▶ **WORK TASK**: All of the records should be given again exactly as they appear.

━━━ PROVIDED MATERIAL

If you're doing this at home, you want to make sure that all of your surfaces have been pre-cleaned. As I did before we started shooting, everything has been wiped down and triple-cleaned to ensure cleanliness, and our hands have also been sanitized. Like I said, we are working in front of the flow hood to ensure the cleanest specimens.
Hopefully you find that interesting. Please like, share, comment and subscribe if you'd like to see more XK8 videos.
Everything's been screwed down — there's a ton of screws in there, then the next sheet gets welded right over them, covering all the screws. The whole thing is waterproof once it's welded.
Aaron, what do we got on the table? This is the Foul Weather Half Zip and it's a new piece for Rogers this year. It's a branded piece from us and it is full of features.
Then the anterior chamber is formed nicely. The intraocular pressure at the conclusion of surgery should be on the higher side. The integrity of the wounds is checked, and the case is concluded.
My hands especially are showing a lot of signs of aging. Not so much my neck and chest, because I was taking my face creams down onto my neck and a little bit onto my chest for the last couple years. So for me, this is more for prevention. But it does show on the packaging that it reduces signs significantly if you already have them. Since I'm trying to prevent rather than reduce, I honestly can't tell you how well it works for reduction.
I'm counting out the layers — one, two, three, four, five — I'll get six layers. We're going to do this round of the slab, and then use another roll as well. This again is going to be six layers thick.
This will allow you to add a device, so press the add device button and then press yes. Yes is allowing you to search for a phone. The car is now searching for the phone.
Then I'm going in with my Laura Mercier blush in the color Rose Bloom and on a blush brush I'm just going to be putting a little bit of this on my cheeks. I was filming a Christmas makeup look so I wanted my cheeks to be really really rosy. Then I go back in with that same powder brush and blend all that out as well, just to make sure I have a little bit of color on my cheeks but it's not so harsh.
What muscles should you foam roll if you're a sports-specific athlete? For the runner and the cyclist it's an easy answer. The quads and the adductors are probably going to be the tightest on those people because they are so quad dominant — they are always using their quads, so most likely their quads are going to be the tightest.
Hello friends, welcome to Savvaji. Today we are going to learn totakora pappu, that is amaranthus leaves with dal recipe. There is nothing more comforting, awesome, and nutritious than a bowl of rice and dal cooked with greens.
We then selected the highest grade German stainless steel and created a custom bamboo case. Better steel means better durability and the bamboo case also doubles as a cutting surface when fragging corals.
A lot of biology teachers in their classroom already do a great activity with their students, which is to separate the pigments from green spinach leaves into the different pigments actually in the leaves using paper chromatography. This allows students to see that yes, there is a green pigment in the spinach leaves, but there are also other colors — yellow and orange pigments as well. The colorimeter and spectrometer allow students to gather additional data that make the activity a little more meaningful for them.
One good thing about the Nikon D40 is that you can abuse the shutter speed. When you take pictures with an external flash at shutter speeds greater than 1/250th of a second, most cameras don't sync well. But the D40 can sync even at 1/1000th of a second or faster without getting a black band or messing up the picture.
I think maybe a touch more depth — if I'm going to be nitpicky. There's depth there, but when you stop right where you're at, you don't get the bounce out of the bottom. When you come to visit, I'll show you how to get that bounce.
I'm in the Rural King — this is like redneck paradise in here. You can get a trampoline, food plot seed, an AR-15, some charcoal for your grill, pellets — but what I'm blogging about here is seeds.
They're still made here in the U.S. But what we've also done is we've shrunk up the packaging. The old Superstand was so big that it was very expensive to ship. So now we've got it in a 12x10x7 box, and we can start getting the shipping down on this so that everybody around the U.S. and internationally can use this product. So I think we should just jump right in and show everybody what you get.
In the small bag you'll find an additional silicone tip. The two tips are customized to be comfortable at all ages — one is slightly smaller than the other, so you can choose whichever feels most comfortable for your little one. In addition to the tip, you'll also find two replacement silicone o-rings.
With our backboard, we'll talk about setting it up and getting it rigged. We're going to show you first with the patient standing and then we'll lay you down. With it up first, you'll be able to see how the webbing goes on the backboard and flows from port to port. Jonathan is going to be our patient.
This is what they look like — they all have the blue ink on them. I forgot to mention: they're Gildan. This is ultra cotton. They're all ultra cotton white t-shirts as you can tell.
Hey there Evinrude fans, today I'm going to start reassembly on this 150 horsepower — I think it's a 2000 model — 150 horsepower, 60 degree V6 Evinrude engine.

━━━━━━

▶ **SOLUTION FOR THIS TASK**:
If you're doing this at home, you want to make sure that all of your surfaces have been pre-cleaned. As I did before we started shooting, everything has been wiped down and triple-cleaned to ensure cleanliness, and our hands have also been sanitized. Like I said, we are working in front of the flow hood to ensure the cleanest specimens.
Hopefully you find that interesting. Please like, share, comment and subscribe if you'd like to see more XK8 videos.
Everything's been screwed down — there's a ton of screws in there, then the next sheet gets welded right over them, covering all the screws. The whole thing is waterproof once it's welded.
Aaron, what do we got on the table? This is the Foul Weather Half Zip and it's a new piece for Rogers this year. It's a branded piece from us and it is full of features.
Then the anterior chamber is formed nicely. The intraocular pressure at the conclusion of surgery should be on the higher side. The integrity of the wounds is checked, and the case is concluded.
My hands especially are showing a lot of signs of aging. Not so much my neck and chest, because I was taking my face creams down onto my neck and a little bit onto my chest for the last couple years. So for me, this is more for prevention. But it does show on the packaging that it reduces signs significantly if you already have them. Since I'm trying to prevent rather than reduce, I honestly can't tell you how well it works for reduction.
I'm counting out the layers — one, two, three, four, five — I'll get six layers. We're going to do this round of the slab, and then use another roll as well. This again is going to be six layers thick.
This will allow you to add a device, so press the add device button and then press yes. Yes is allowing you to search for a phone. The car is now searching for the phone.
Then I'm going in with my Laura Mercier blush in the color Rose Bloom and on a blush brush I'm just going to be putting a little bit of this on my cheeks. I was filming a Christmas makeup look so I wanted my cheeks to be really really rosy. Then I go back in with that same powder brush and blend all that out as well, just to make sure I have a little bit of color on my cheeks but it's not so harsh.
What muscles should you foam roll if you're a sports-specific athlete? For the runner and the cyclist it's an easy answer. The quads and the adductors are probably going to be the tightest on those people because they are so quad dominant — they are always using their quads, so most likely their quads are going to be the tightest.
Hello friends, welcome to Savvaji. Today we are going to learn totakora pappu, that is amaranthus leaves with dal recipe. There is nothing more comforting, awesome, and nutritious than a bowl of rice and dal cooked with greens.
We then selected the highest grade German stainless steel and created a custom bamboo case. Better steel means better durability and the bamboo case also doubles as a cutting surface when fragging corals.
A lot of biology teachers in their classroom already do a great activity with their students, which is to separate the pigments from green spinach leaves into the different pigments actually in the leaves using paper chromatography. This allows students to see that yes, there is a green pigment in the spinach leaves, but there are also other colors — yellow and orange pigments as well. The colorimeter and spectrometer allow students to gather additional data that make the activity a little more meaningful for them.
One good thing about the Nikon D40 is that you can abuse the shutter speed. When you take pictures with an external flash at shutter speeds greater than 1/250th of a second, most cameras don't sync well. But the D40 can sync even at 1/1000th of a second or faster without getting a black band or messing up the picture.
I think maybe a touch more depth — if I'm going to be nitpicky. There's depth there, but when you stop right where you're at, you don't get the bounce out of the bottom. When you come to visit, I'll show you how to get that bounce.
I'm in the Rural King — this is like redneck paradise in here. You can get a trampoline, food plot seed, an AR-15, some charcoal for your grill, pellets — but what I'm blogging about here is seeds.
They're still made here in the U.S. But what we've also done is we've shrunk up the packaging. The old Superstand was so big that it was very expensive to ship. So now we've got it in a 12x10x7 box, and we can start getting the shipping down on this so that everybody around the U.S. and internationally can use this product. So I think we should just jump right in and show everybody what you get.
In the small bag you'll find an additional silicone tip. The two tips are customized to be comfortable at all ages — one is slightly smaller than the other, so you can choose whichever feels most comfortable for your little one. In addition to the tip, you'll also find two replacement silicone o-rings.
With our backboard, we'll talk about setting it up and getting it rigged. We're going to show you first with the patient standing and then we'll lay you down. With it up first, you'll be able to see how the webbing goes on the backboard and flows from port to port. Jonathan is going to be our patient.
This is what they look like — they all have the blue ink on them. I forgot to mention: they're Gildan. This is ultra cotton. They're all ultra cotton white t-shirts as you can tell.
Hey there Evinrude fans, today I'm going to start reassembly on this 150 horsepower — I think it's a 2000 model — 150 horsepower, 60 degree V6 Evinrude engine.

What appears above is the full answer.